Congratulations to Meredith Newmark . . .

. . . the youngest of the Raleigh Newmarks, on her recent publication (a letter to the editor of the Raleigh News & Observer).

June 25, 2008

Don't yearn for the 70s

While I think the economy faces, both short-term and long-term, some serious problems, James Pethokoukis makes some good points in "Why the Economy Is Better Than You Think".

If you could swap the American economy for someone else's long term—China's, India's, the EU's—would you? . . . China, for instance, has far worse demographic problems, has far worse environmental problems, will probably never catch America in terms of per capita GDP, and, by the way, still needs to fully transition to democratic capitalism. America? It's in far better shape that you think. 

On the other hand, there's this: "The Train Wreck Ahead: Medicare is rolling toward disaster, and there is no easy way to fix it".

June 24, 2008

Never too early to start

Thom Brooks's "Publishing Advice for Graduate Students".

Markets are hard to forecast

"Top 30 Failed Technology Predictions".

Including the well-known:

“There is no reason anyone would want a computer in their home.” — Ken Olson, president, chairman and founder of Digital Equipment Corp. (DEC), maker of big business mainframe computers, arguing against the PC in 1977.

And at least two that I hadn't seen before:

“The cinema is little more than a fad. It’s canned drama. What audiences really want to see is flesh and blood on the stage.” -– Charlie Chaplin, actor, producer, director, and studio founder, 1916

“[Television] won’t be able to hold on to any market it captures after the first six months.
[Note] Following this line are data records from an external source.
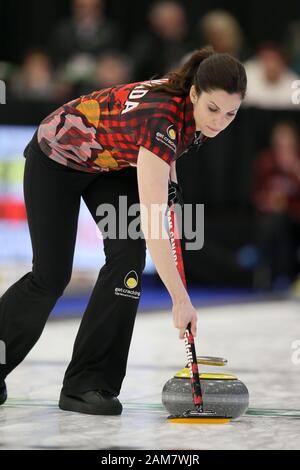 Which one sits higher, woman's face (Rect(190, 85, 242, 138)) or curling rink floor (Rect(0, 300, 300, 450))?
woman's face (Rect(190, 85, 242, 138))

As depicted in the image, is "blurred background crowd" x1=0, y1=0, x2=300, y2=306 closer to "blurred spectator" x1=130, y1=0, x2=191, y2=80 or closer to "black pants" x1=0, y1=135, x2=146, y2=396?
"blurred spectator" x1=130, y1=0, x2=191, y2=80

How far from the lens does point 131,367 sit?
4.74 meters

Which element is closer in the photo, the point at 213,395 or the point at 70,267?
the point at 213,395

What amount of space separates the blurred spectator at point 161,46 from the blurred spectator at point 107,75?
0.13 metres

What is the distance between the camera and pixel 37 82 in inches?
352

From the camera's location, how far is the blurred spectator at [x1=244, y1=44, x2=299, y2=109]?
8.85 metres

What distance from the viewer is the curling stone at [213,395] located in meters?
3.46

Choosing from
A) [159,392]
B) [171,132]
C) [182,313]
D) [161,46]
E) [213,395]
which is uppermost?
[161,46]

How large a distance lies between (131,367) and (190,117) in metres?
1.71

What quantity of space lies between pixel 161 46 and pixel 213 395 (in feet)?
19.6

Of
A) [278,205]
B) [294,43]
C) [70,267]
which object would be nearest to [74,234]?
[70,267]

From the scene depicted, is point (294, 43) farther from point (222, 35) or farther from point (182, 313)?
point (182, 313)

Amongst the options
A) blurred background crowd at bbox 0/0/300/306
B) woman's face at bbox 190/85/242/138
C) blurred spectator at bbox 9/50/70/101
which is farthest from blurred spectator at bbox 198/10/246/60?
woman's face at bbox 190/85/242/138

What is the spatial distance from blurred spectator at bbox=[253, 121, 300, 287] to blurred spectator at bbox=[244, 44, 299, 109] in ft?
1.40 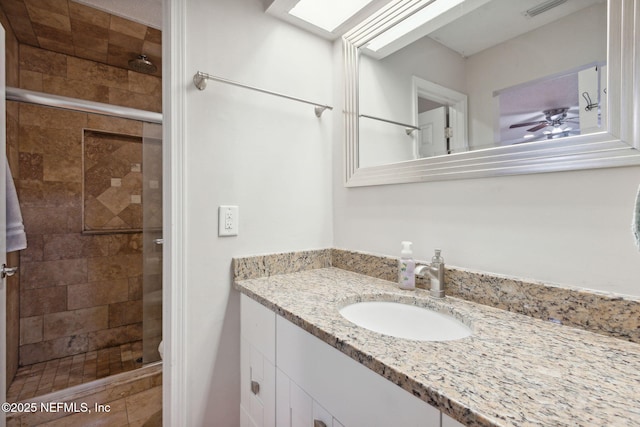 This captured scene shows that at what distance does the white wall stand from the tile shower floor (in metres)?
1.35

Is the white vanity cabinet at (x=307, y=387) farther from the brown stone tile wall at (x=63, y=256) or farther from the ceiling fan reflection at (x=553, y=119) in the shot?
the brown stone tile wall at (x=63, y=256)

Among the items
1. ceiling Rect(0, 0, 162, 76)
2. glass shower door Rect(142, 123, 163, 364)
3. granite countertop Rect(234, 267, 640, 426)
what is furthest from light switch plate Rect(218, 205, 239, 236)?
ceiling Rect(0, 0, 162, 76)

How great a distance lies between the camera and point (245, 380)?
1.06 metres

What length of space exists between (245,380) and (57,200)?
1.99 meters

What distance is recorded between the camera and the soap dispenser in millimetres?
996

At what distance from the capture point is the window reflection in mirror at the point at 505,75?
705mm

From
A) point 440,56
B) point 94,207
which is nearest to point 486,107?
point 440,56

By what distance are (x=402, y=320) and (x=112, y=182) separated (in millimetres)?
2394

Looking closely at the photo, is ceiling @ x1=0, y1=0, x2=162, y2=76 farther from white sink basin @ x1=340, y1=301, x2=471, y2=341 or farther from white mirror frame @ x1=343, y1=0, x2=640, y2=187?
white sink basin @ x1=340, y1=301, x2=471, y2=341

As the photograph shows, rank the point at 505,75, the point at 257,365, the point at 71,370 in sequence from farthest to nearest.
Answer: the point at 71,370
the point at 257,365
the point at 505,75

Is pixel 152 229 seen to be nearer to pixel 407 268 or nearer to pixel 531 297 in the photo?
pixel 407 268

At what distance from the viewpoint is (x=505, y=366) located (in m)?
0.51

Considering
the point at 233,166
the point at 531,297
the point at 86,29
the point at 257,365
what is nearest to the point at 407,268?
the point at 531,297

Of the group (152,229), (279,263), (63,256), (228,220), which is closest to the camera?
(228,220) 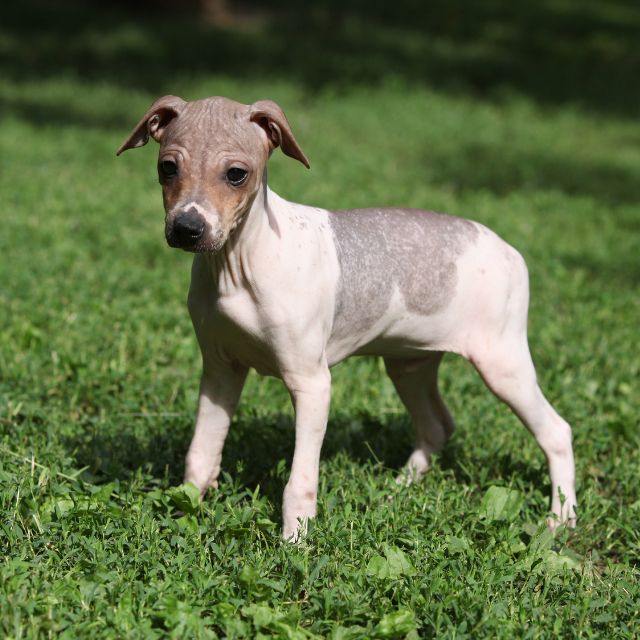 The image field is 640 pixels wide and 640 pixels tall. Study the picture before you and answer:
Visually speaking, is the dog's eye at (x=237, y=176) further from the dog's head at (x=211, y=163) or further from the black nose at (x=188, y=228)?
the black nose at (x=188, y=228)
People will soon get tired of staring at a plywood box every night.” — Darryl Zanuck, movie producer, 20th Century Fox, 1946.

June 23, 2008

Still more on the famous file-sharing paper

I've posted about the famous Oberholzer-Gee and Strumpf JPE paper on file-sharing--and Stan Liebowitz's questioning of it--before (here and here).

There's now a third round in the controversy. The German newspaper Handelsblatt has a story today titled "No Comment, Please" accompanied by the following blurb:

Steven Levitt, Editor of the Journal of Political Economy, uses a questionable tactic to block an undesired comment. The subject of the criticised article was a hot topic. On closer look, everything about the case was unusual.

Read the whole thing.

It's sad that it falls to a German newspaper to cover this, but then I've come to expect very little of the U.S. mass media.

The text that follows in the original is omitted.